*About this exercise*: Only the pictures are to be left out; return the rest of the data exactly as it stands.

*Extracted records*:
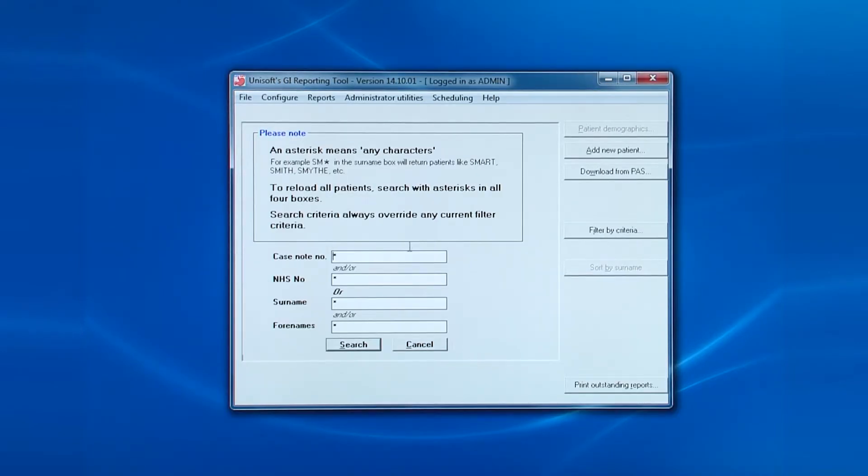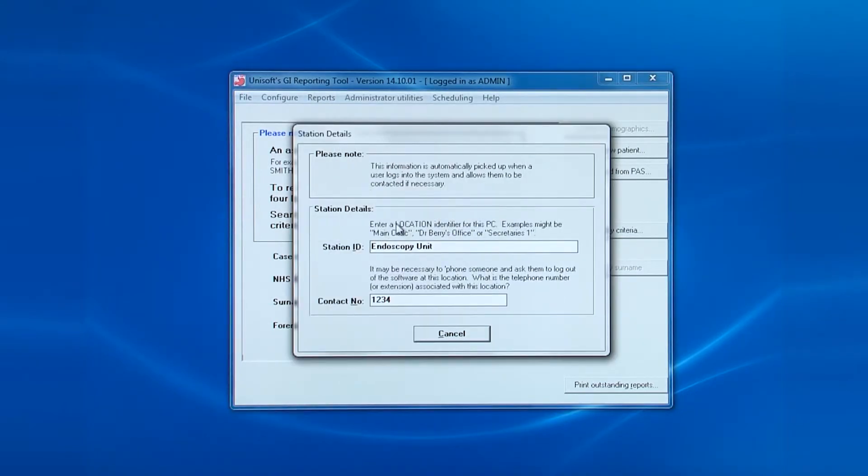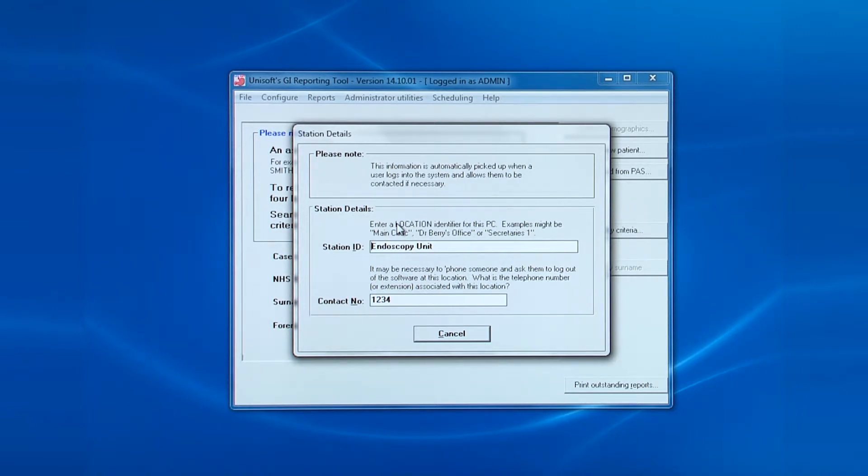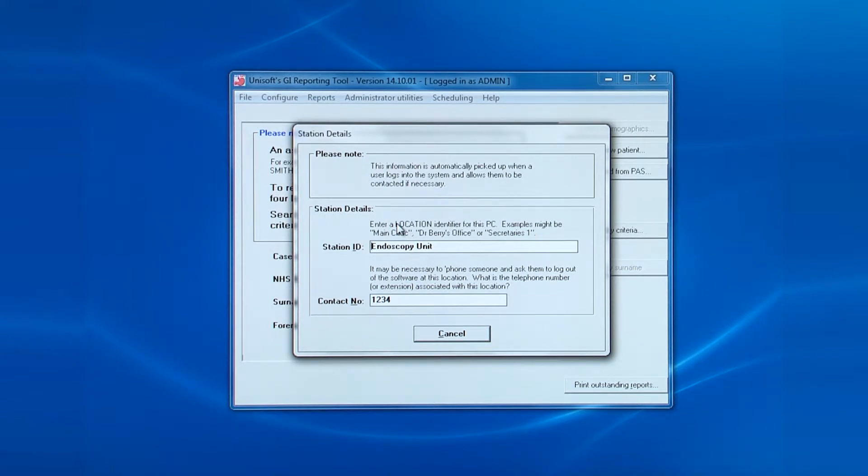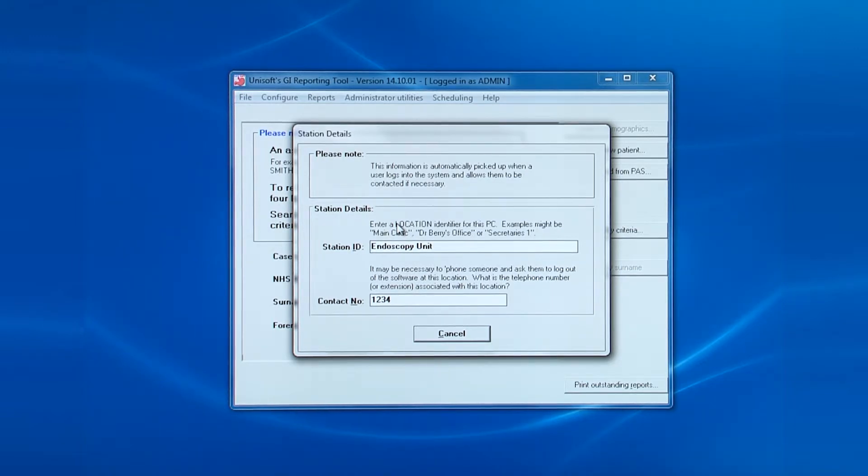The next entry is change the station ID. This is the location of the PC and adjacent telephone number. This is so that the software can tell a user that a patient's record is locked by so-and-so and on which PC. It's important to note each PC must have its own unique ID to prevent users getting an unexplained message saying they've been logged out by a user with administrator rights.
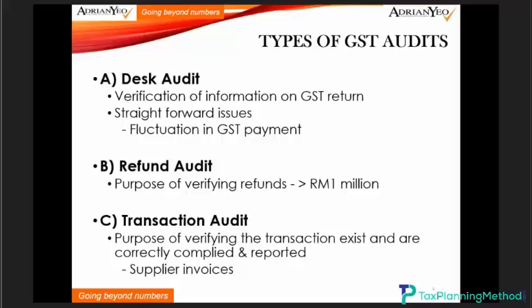The second one is the refund audit, which is quite similar to the first one. The purpose is to verify that all your documents and the input tax you incurred and claimed are genuine. If your refund is more than $1 million, they will definitely come and audit you before they refund to you. But normally for our clients, if the refund is within $6,000, $10,000, or $20,000, they will get back the refund.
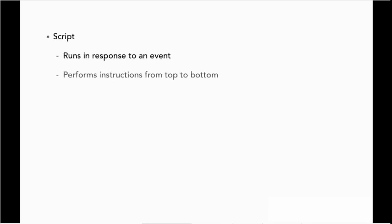A script only runs in response to an event. It also usually runs a set of instructions by working down the page from the start to the end. It has little or no user interaction after that initial event. So a PHP script does not run until a web page is requested. Then it launches, follows its instructions from top to bottom, and then quits until another action launches the script again.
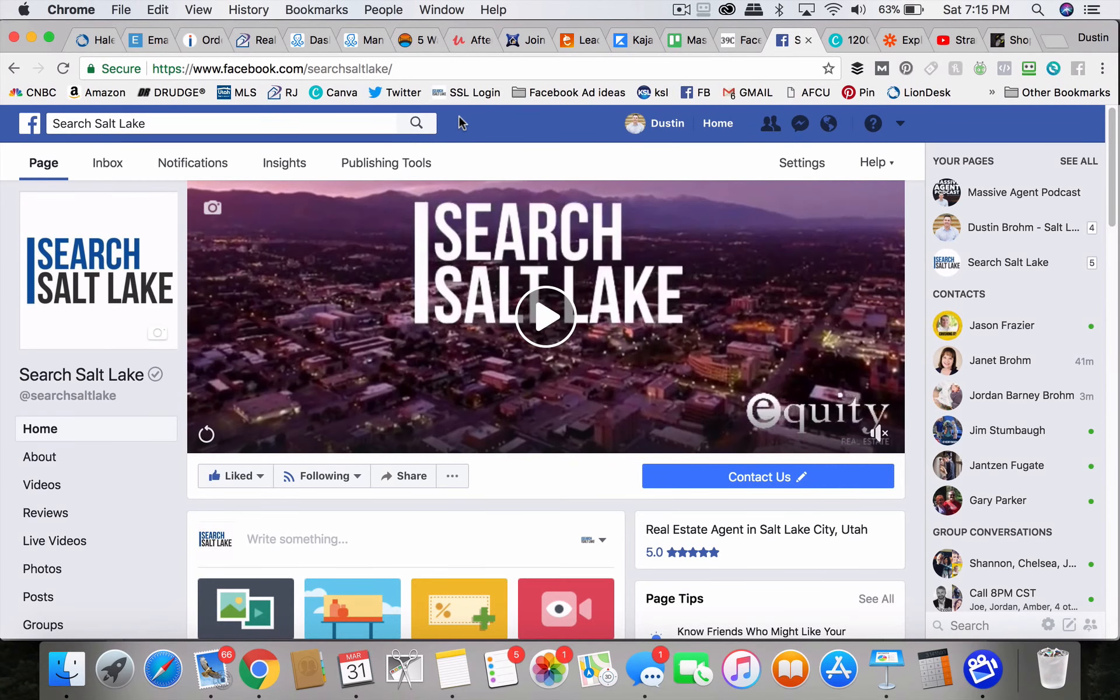So you have your Facebook lead ad running and let's say it's been running for a few days and you're like, geez, I wonder if I have any leads.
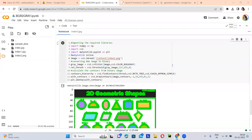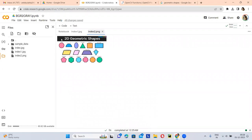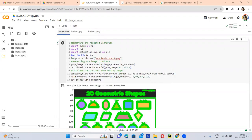Hello everyone, my name is Ankita. Today I am explaining contour detection using OpenCV. Using this code, we are basically finding the contours on the image. Contours are basically finding the shapes of an object. This is our input image — using this code we are finding the contours on the image.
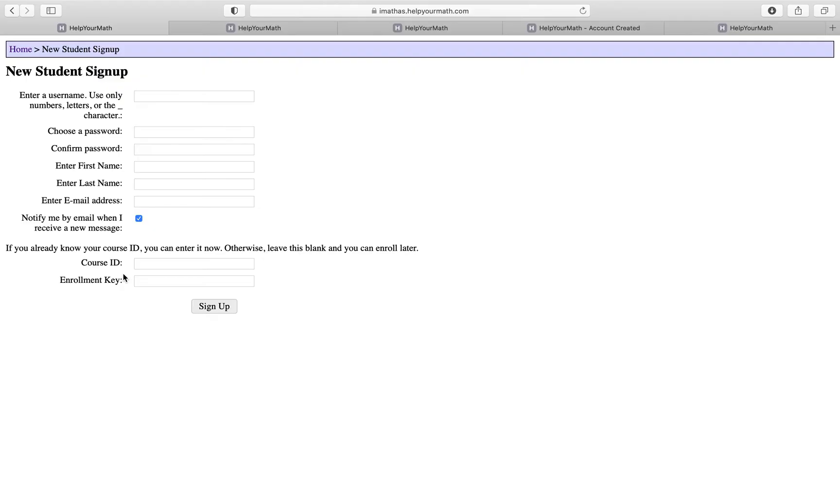Your instructor will be the ones that will provide you with this information. If you don't have it, you could input it later, but if you do have your course ID and enrollment key, you could just enter it right now.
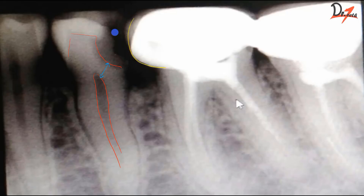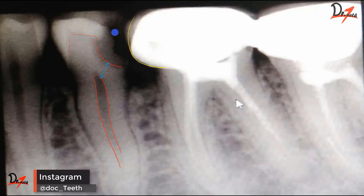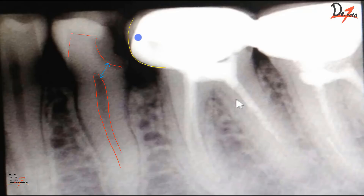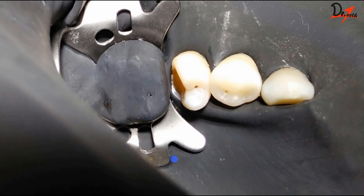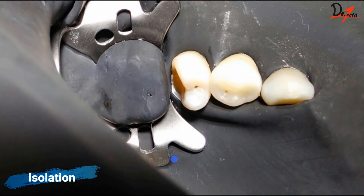The patient was advised to replace the crown, but due to financial restrictions, the patient said she would replace it later. Therefore, we started the treatment without changing the existing crown. It's less than the ideal scenario, but we will work with it for now.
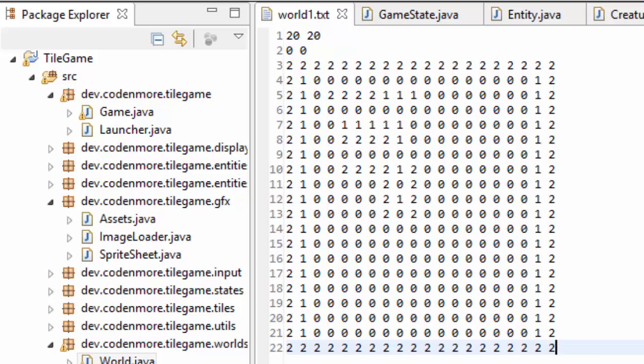What's going on everyone? My name is Codemore and welcome back to the new Beginner Java Game Programming Tutorial Series Episode 19. In this episode, we are going to work a lot with the worlds.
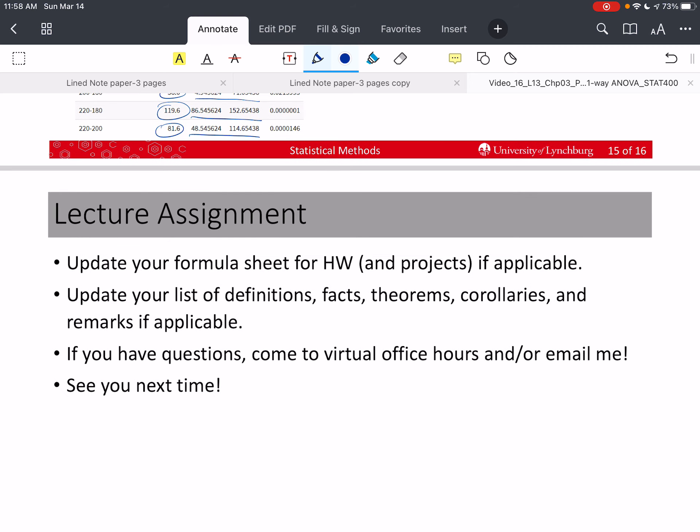If you have questions, come to virtual office hours, or you can email me if you need help before then. Please take care of yourself, stay safe, and we hope to see you next time.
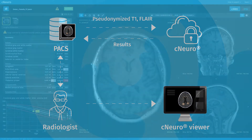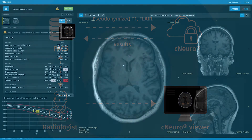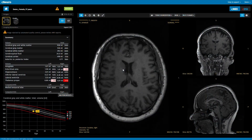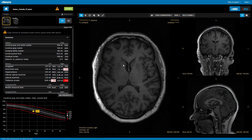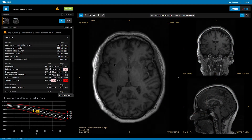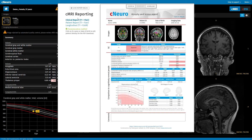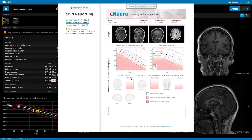Here, we see data from a patient with secondary progressive multiple sclerosis. CNeuro-CMRI provides multiple reports: a cross-sectional clinical report, a simplified patient-oriented report, and a longitudinal report.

*Answer to the exercise*:
The next entry is change the station ID. This is the location of the PC and adjacent telephone number. This is so that the software can tell a user that a patient's record is locked by so-and-so and on which PC. It's important to note each PC must have its own unique ID to prevent users getting an unexplained message saying they've been logged out by a user with administrator rights.
The second one is the refund audit, which is quite similar to the first one. The purpose is to verify that all your documents and the input tax you incurred and claimed are genuine. If your refund is more than $1 million, they will definitely come and audit you before they refund to you. But normally for our clients, if the refund is within $6,000, $10,000, or $20,000, they will get back the refund.
A script only runs in response to an event. It also usually runs a set of instructions by working down the page from the start to the end. It has little or no user interaction after that initial event. So a PHP script does not run until a web page is requested. Then it launches, follows its instructions from top to bottom, and then quits until another action launches the script again.
So you have your Facebook lead ad running and let's say it's been running for a few days and you're like, geez, I wonder if I have any leads.
Hello everyone, my name is Ankita. Today I am explaining contour detection using OpenCV. Using this code, we are basically finding the contours on the image. Contours are basically finding the shapes of an object. This is our input image — using this code we are finding the contours on the image.
Your instructor will be the ones that will provide you with this information. If you don't have it, you could input it later, but if you do have your course ID and enrollment key, you could just enter it right now.
The patient was advised to replace the crown, but due to financial restrictions, the patient said she would replace it later. Therefore, we started the treatment without changing the existing crown. It's less than the ideal scenario, but we will work with it for now.
What's going on everyone? My name is Codemore and welcome back to the new Beginner Java Game Programming Tutorial Series Episode 19. In this episode, we are going to work a lot with the worlds.
If you have questions, come to virtual office hours, or you can email me if you need help before then. Please take care of yourself, stay safe, and we hope to see you next time.
Here, we see data from a patient with secondary progressive multiple sclerosis. CNeuro-CMRI provides multiple reports: a cross-sectional clinical report, a simplified patient-oriented report, and a longitudinal report.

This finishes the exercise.